* [EXERCISE]: Print out the data precisely as it appears here, with no pictures.
═════ PROVIDED MATERIAL
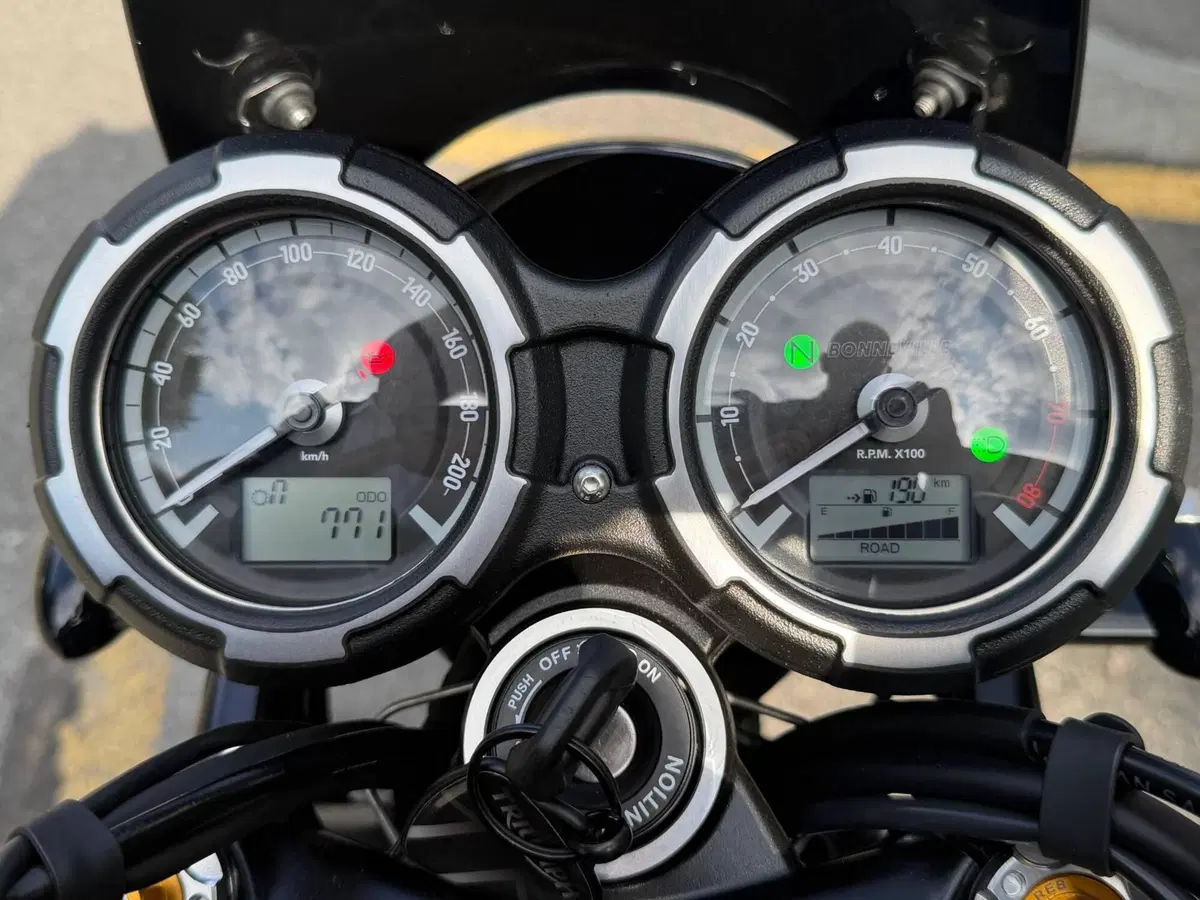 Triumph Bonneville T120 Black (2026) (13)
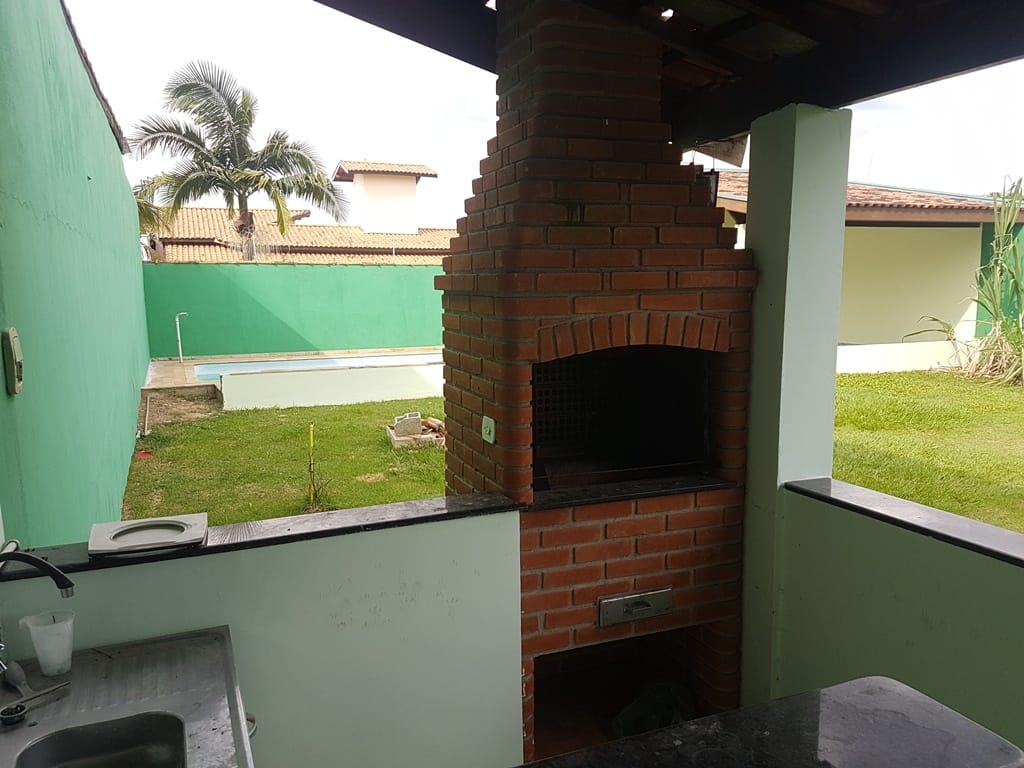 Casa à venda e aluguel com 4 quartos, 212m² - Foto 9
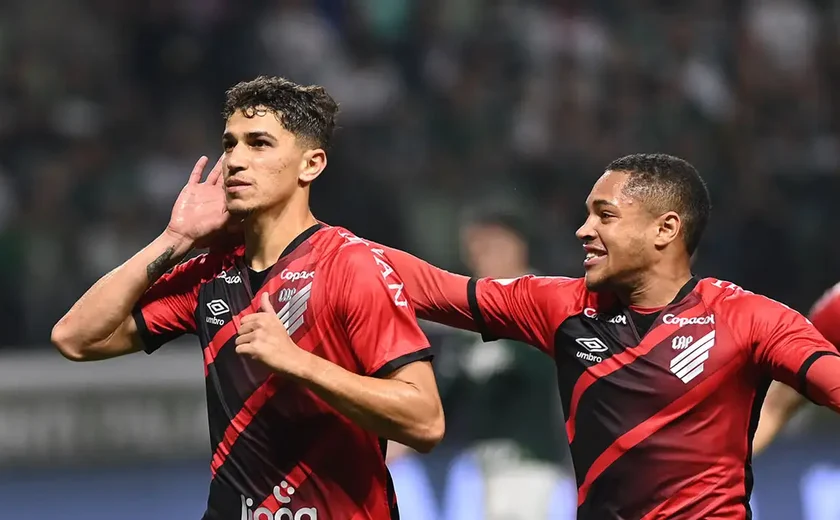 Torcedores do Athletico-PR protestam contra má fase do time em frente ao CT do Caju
══════════
* [YOUR RESPONSE]:
 Triumph Bonneville T120 Black (2026) (13)
 Casa à venda e aluguel com 4 quartos, 212m² - Foto 9
 Torcedores do Athletico-PR protestam contra má fase do time em frente ao CT do Caju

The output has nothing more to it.